Claus Stäcker6. Dezember 2013

Medien und Politiker weltweit überschlagen sich mit Superlativen über Nelson Mandela - schon vor und jetzt nach seinem Tod. Ihm war der Personenkult immer zu viel. Gerade das macht ihn einzigartig, meint Claus Stäcker.

Ein Heiliger war Nelson Mandela sicher nicht, auch wenn es in den Medien jetzt so klingt: jede Schlagzeile ihn noch etwas übermenschlicher macht, die Verehrung götzenhafte Züge annimmt. Und mancher Augenzeuge schwört, in seiner Gegenwart vom speziellen Mandela-Karma durchströmt worden zu sein: "Madiba Magic" hieß es, wann immer Südafrika ein Wunder brauchte.

Ihm selbst war der Personenkult eher peinlich. Nur zögerlich nahm er die Namenspatenschaften für Straßen, Schulen und Institute hin, den Bau von Bronzestatuen und Mandela-Museen - ein Trend, der sich jetzt noch verstärken wird. Immer wieder verwies er auf die kollektive Leistung des Widerstands, auf historische Vorkämpfer und Mitstreiter wie Mahatma Ghandi, Albert Luthuli oder seinen Freund und Weggefährten Oliver Tambo, der heute zu Unrecht in seinem Schatten steht. Erst Tambo verhalf dem Widerstandskampf des Afrikanischen Nationalkongresses (ANC) zu weltweiter Akzeptanz. Und erst Tambo inszenierte das weltumspannende Mandela-Märchen, in dem sich jeder Aufrechte wiederfinden konnte - ob in Spitzbergen oder Ost-Berlin, in San Francisco oder Peking.
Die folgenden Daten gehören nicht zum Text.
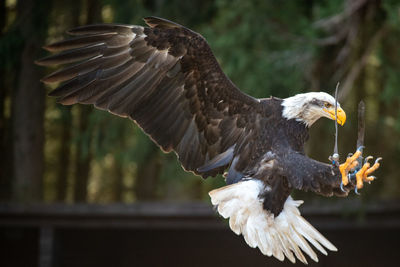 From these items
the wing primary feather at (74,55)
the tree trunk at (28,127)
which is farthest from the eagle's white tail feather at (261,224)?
the tree trunk at (28,127)

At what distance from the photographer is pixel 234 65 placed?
6.71 m

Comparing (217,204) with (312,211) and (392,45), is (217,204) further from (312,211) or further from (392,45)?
(392,45)

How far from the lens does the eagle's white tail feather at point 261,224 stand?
3781 millimetres

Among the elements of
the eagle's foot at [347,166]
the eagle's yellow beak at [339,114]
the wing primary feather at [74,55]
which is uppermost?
the wing primary feather at [74,55]

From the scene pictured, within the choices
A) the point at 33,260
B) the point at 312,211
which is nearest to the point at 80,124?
the point at 33,260

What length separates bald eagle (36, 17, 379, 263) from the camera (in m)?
3.78

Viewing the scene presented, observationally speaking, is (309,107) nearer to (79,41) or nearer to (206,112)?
(206,112)

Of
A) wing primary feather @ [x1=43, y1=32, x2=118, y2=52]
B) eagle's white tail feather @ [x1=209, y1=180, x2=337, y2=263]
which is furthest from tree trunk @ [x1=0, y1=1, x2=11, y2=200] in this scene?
eagle's white tail feather @ [x1=209, y1=180, x2=337, y2=263]

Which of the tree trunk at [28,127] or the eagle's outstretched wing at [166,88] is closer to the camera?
the eagle's outstretched wing at [166,88]

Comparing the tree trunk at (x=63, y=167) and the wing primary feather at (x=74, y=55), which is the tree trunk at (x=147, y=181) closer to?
the tree trunk at (x=63, y=167)

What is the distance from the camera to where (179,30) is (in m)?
3.91

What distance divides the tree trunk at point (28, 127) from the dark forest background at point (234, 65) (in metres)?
0.01

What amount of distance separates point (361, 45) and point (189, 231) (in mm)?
3056

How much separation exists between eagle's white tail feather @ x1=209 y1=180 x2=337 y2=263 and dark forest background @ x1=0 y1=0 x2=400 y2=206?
2.76 metres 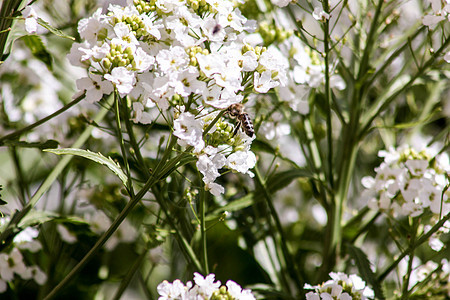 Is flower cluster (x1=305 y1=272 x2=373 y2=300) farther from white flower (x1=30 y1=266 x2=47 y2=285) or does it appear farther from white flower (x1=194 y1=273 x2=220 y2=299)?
white flower (x1=30 y1=266 x2=47 y2=285)

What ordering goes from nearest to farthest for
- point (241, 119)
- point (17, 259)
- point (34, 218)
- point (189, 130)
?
1. point (189, 130)
2. point (241, 119)
3. point (34, 218)
4. point (17, 259)

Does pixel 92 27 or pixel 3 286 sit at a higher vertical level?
pixel 92 27

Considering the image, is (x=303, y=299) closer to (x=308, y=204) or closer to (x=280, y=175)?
(x=280, y=175)

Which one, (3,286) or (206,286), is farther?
(3,286)

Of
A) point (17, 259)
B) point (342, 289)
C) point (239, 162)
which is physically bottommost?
Result: point (342, 289)

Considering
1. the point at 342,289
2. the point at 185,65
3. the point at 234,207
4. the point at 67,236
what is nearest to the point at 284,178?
the point at 234,207

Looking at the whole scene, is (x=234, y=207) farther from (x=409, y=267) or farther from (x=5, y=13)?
(x=5, y=13)

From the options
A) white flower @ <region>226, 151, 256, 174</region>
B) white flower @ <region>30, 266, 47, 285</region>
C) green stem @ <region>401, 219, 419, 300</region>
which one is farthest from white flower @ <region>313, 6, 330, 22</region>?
white flower @ <region>30, 266, 47, 285</region>

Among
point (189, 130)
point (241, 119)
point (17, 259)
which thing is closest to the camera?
point (189, 130)

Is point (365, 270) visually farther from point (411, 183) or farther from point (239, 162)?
point (239, 162) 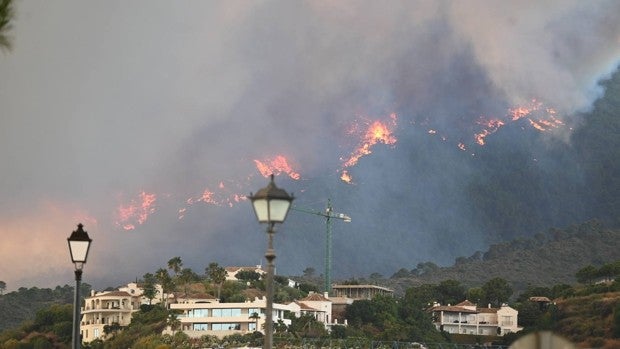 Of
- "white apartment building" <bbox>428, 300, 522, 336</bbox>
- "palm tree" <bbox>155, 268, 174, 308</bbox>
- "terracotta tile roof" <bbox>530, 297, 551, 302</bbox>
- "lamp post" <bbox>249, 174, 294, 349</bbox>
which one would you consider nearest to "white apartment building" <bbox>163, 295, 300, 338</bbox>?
"palm tree" <bbox>155, 268, 174, 308</bbox>

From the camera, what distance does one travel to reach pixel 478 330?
137000 mm

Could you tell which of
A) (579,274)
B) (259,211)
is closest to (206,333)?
(579,274)

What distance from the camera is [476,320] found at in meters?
138

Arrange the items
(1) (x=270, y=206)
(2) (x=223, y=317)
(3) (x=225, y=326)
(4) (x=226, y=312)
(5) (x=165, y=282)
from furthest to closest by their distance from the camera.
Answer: (5) (x=165, y=282) → (4) (x=226, y=312) → (2) (x=223, y=317) → (3) (x=225, y=326) → (1) (x=270, y=206)

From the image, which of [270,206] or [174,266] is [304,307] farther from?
[270,206]

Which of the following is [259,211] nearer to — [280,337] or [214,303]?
[280,337]

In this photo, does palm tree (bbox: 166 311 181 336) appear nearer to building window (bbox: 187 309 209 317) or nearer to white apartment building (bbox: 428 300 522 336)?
building window (bbox: 187 309 209 317)

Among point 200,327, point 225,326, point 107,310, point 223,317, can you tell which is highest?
point 107,310

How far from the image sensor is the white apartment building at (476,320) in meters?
134

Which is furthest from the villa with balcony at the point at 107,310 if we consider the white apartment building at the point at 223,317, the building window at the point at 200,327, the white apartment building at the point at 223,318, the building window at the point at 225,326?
the building window at the point at 225,326

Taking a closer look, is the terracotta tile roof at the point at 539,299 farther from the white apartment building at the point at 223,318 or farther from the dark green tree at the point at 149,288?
the dark green tree at the point at 149,288

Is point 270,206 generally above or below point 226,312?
below

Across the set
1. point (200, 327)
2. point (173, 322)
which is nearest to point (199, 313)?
point (200, 327)

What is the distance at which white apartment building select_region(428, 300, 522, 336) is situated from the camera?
134m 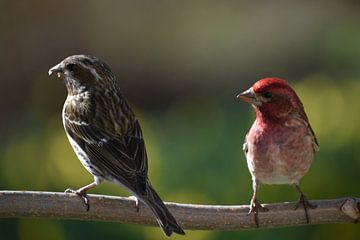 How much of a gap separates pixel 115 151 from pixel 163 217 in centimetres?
70

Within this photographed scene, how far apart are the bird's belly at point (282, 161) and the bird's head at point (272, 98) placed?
0.15 metres

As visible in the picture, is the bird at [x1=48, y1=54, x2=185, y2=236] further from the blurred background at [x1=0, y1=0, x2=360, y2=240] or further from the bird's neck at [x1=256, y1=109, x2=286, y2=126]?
the blurred background at [x1=0, y1=0, x2=360, y2=240]

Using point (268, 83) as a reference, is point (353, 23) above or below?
below

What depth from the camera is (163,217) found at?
398cm

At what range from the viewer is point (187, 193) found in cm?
648

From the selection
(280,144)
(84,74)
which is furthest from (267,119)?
(84,74)

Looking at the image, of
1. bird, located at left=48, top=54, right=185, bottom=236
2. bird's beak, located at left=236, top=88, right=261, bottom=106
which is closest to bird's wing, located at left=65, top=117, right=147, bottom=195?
bird, located at left=48, top=54, right=185, bottom=236

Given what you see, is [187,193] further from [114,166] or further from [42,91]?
[42,91]

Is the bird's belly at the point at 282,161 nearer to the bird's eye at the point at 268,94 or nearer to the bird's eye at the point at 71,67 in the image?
the bird's eye at the point at 268,94

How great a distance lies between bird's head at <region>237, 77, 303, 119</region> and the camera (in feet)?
13.4

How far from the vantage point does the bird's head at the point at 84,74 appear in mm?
4633

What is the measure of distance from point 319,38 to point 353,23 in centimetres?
104

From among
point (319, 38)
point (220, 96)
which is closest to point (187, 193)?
point (220, 96)

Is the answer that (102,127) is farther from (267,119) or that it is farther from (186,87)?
(186,87) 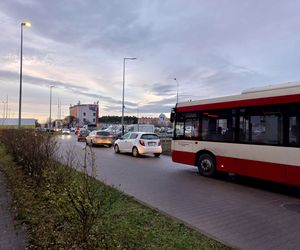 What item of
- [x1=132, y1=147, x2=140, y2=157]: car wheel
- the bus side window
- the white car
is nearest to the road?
the bus side window

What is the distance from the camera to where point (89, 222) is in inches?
172

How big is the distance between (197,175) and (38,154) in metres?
6.52

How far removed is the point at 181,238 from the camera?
545cm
Als der Gefangene Nr. 46664 nach 27 Jahren 1990 freikam, war er eine Marke, ein weltweites Idol, ein Mythos - mit Projektionen, Wunschvorstellungen, Erwartungen überladen, die ein Mensch allein unmöglich erfüllen konnte.

Claus Stäcker, Leiter der Afrika-Redaktionen der DWBild: DW

Kein Wutbürger trotz endloser Haft

Wer wollte da schon an seinem Lack kratzen? Seine Jugendsünden auflisten, uneheliche Kinder. Seine Schwäche für Frauen, vor allem schöne Frauen: Models, Popsternchen und Journalistinnen, die er noch als Elder Statesman politisch höchst inkorrekt anflirtete. Wer wollte seine Anschlagsplanungen als Leiter der ANC-Kampftruppe "Umkhonto weSizwe" (Speer der Nation) verdammen? Seine aufbrausende, rechthaberische Art bemängeln, über die Mitgefangene und Ex-Mitarbeiter heute schmunzeln.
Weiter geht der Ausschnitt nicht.